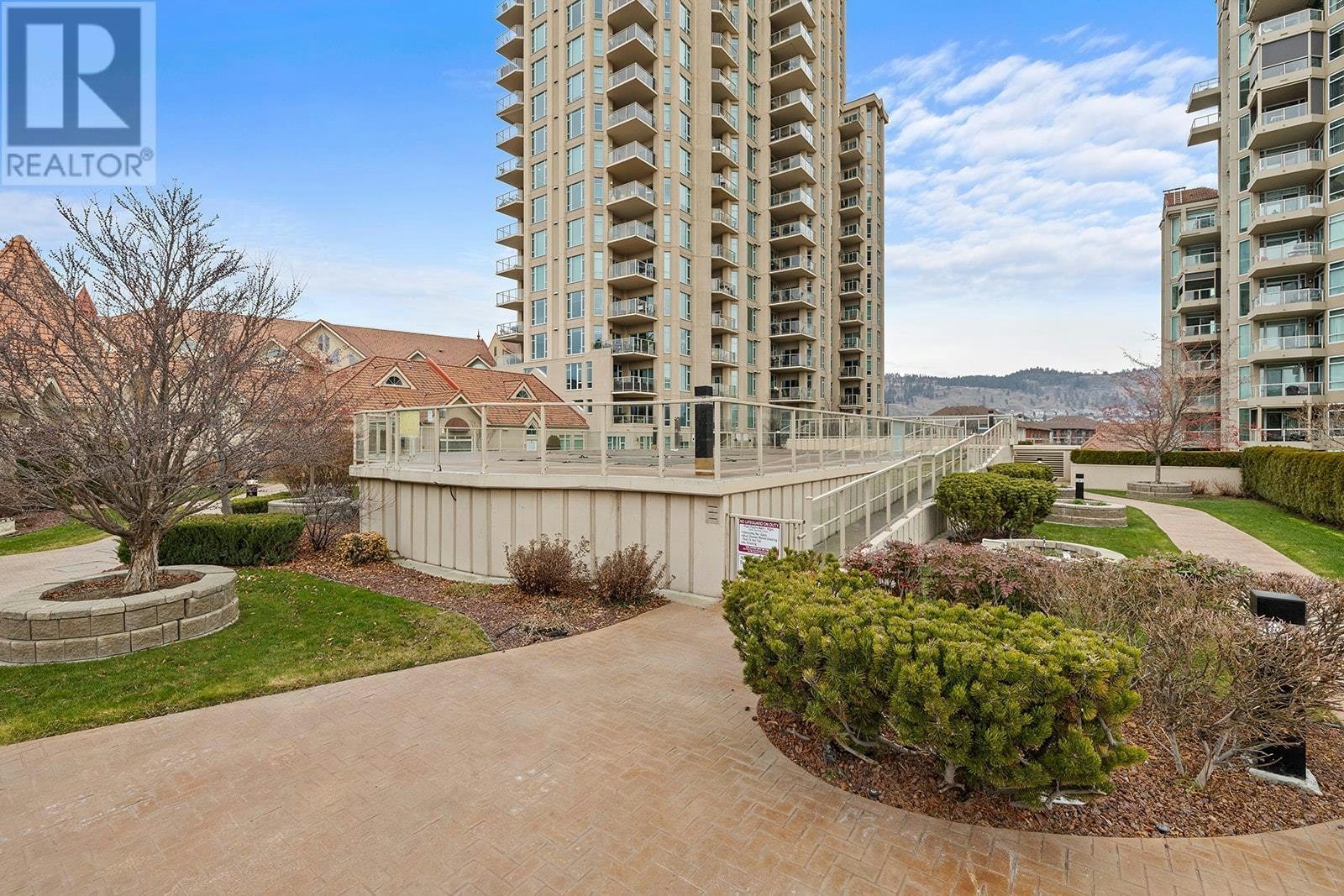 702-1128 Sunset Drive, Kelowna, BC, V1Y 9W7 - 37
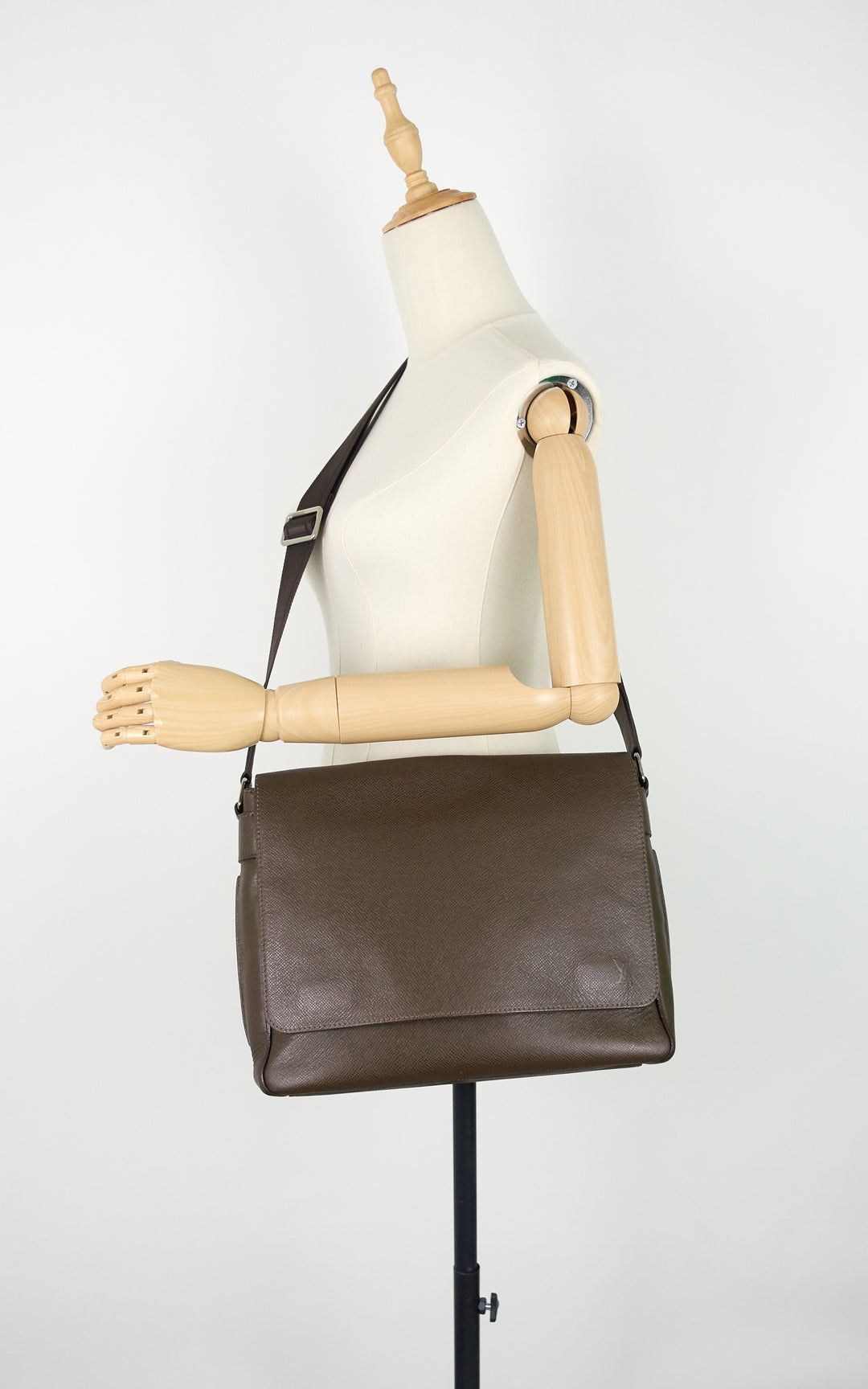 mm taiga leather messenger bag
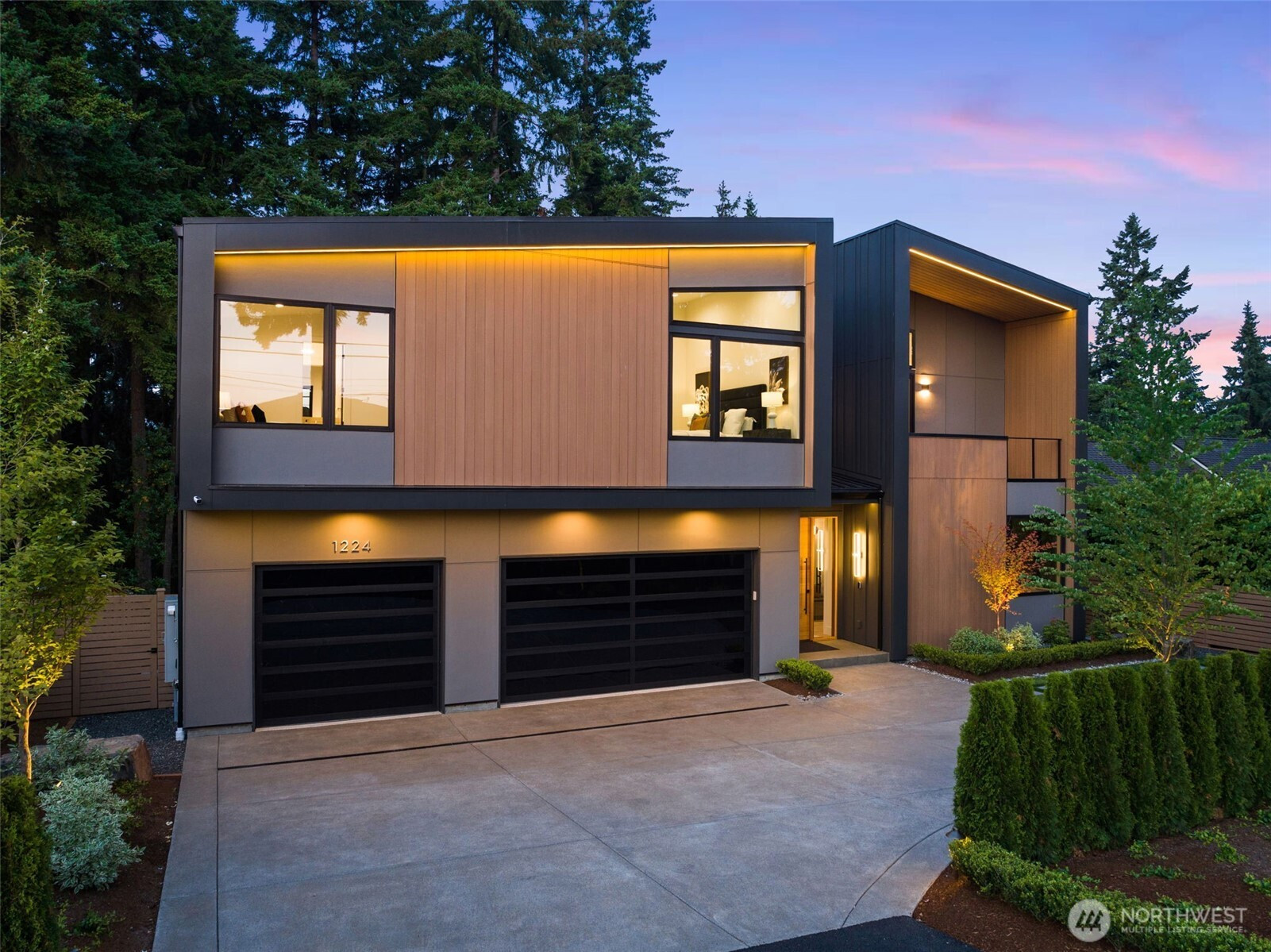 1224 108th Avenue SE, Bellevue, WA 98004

=-=-=

## TASK DESCRIPTION
Keep every word of the material exactly as given. Drop the pictures.

## RESPONSE AREA
 702-1128 Sunset Drive, Kelowna, BC, V1Y 9W7 - 37
 mm taiga leather messenger bag
 1224 108th Avenue SE, Bellevue, WA 98004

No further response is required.